In the end, both software freedom activists and competitive upstarts want license terms that require sharing back. Tension between activists and upstarts is no more fundamental than between the BSD school and established companies. But the copyleft user community is splitting apart.


Ask people affiliated with the Open Source Initiative about free software, and many will tell you that it isn’t really any different from open source. Free software just preached too much fire and brimstone, missed the rebrand, and lost mindshare.

Ask folks affiliated with the Free Software Foundation about open source, and many will jump to tell just how different it is. Open source strips free software of its values, pandering to the nonfree industry with promises of better, cheaper code, which doesn’t happen without unifying community spirit.

That is the compelling, insider narrative of the birth of open source and the wooing of big business to the scene. It’s a story of name-brand contenders—OSI and FSF—and their partisans. Not the developers who choose free software and open source licenses.

Bringing open source to business, and business to open source, has been a process of long, slow, occasionally sudden progress. Since setting up the Open Source Initiative and coining “open source”, decisions have been altogether less dramatic, more mixed, more organic. Change came as much with developments in software and the market more broadly, and the medium- and long-term effects of many small steps, than with dashing, newsworthy gambits.


In that more nuanced history, we can see that the activist and upstart segments of the copyleft user base have split before.

In the end, the Open Source Initiative has approved every major license published by the Free Software Foundation. Both organizations have also approved copyleft licenses drafted by upstarts, free of free software rhetoric, from Sleepycat on. But fairly early in open source history, circa 2002, OSI and FSF parted ways on a particular kind of license: strong copyleft or “reciprocal” terms drafted for companies and business-contract style, ignoring FSF’s self-imposed limits on how much code copyleft could require sharing back. For a time, approving those licenses made OSI the institutional home of strong copyleft, responding to upstart needs outside FSF’s comfort zone.

None of those licenses achieved widespread popularity. Several served as waystations for the specific companies, and even the specific software, for which they were drafted, on their way to GPL relicensing. Indeed, the business reciprocal licenses fell predictably short of perfection. But they hit high water marks for requiring patches back and robust closure of the “ASP loophole”, also known as the “SaaS loophole” or “Google problem”. They influenced later activist licenses that largely replaced them in practice.

Willingness to accommodate upstarts tracked an important line of propaganda in the early years of the Open Source Initiative. Part of achieving business acceptance of open source was putting open source’s merits in loosely economic, business terms. To break the link between open source and noncommercial or even anti-commercial attitudes, it helped mightily to theorize and demonstrate how open source could augment existing business models, or even power models of its own. Before big companies flocked to the open source buffet, smaller companies, especially engineer-driven software firms where allied programmers held authority, went to work in the kitchen. Individuals and small firms wrote the code that showed open source could work, on the production side, and also made open source software worth using, on the adoption side.
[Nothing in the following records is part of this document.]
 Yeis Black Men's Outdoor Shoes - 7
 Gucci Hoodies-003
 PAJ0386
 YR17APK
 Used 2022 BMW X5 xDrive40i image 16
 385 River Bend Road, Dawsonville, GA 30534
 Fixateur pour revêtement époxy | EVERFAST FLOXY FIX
In time, the Free Software Foundation succeeded in bringing many upstarts back into its fold with Affero GPL. Affero closed the loophole that allowed nonfree software to be made from GPL code if the resulting program was run to provide a network service, rather than sent to users for them to run for themselves. However, outcry and fork threats from permissive interests kept the FSF from merging its new, stronger terms into mainline GPL at the next major update, version 3. The fork made it easy for software users to isolate AGPL as an aberration, an extremist diversion. Such projects helpfully mark themselves, using AGPL, much as anti-IP extremists do, with WTFPL. Nonetheless, on the developer side, AGPL took the top spot as the cutting-edge, best-patched, broadest-supported implementation of strong copyleft: a license that makes software available for use in free software, but not in proprietary software. In the right company, many activists speak of AGPLv3 as the real GPLv3 to this day.
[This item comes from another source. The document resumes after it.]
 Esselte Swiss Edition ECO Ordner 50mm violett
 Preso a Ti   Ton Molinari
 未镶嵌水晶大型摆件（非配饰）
Once again, competitive upstarts who couldn’t afford to draft and propose their own terms adopted a good-enough activist license to meet their needs. Many of these projects, it turns out, used little or no other GPLv3 or AGPLv3 software. The point was keeping competitors out, not jumping in with the activists. But upstarts welcomed allies in defending the new, stronger license as free and open source, and activists welcomed a broader base of support to overcome permissive-leaning objections. In the end, an upstart company worked AGPLv3 through the Open Source Initiative’s approval process. With permissive terms and interests ascendant, activists and upstarts needed each other.


AGPLv3 inherited the self-imposed limitations and complexities of Free Software Foundation license drafting. But for a time, none of that mattered. Closed software companies dutifully banned AGPL company wide, often on strength of reputation alone. If they used AGPL software, they did so under alternative, private, commercial licenses, brought in by procurement rather than by policy. Observing this, upstarts began adopting the license for like effect, also more or less by rep. Thus, AGPLv3 became, for a brief span, both bona fide and functionally “free for free software”.

But only in practice. As the value of commercially relevant software under AGPLv3 grew, so did incentives to find new loopholes, new ways to work AGPLv3 code into nonfree offerings. In other words, to actually read what it said. As with GPLv2 before it, broader adoption of AGPLv3 copyleft funded a de facto bug bounty: find a loophole, win early-mover advantage with the code. The bigger and more established the licensee, the more it could leverage that advantage. AGPLv3’s scope, length, and complexity made just that much more attack surface. The attention of large firms put savvy legal counsel capable of assessing technical alternatives—the bounty hunters—on the job.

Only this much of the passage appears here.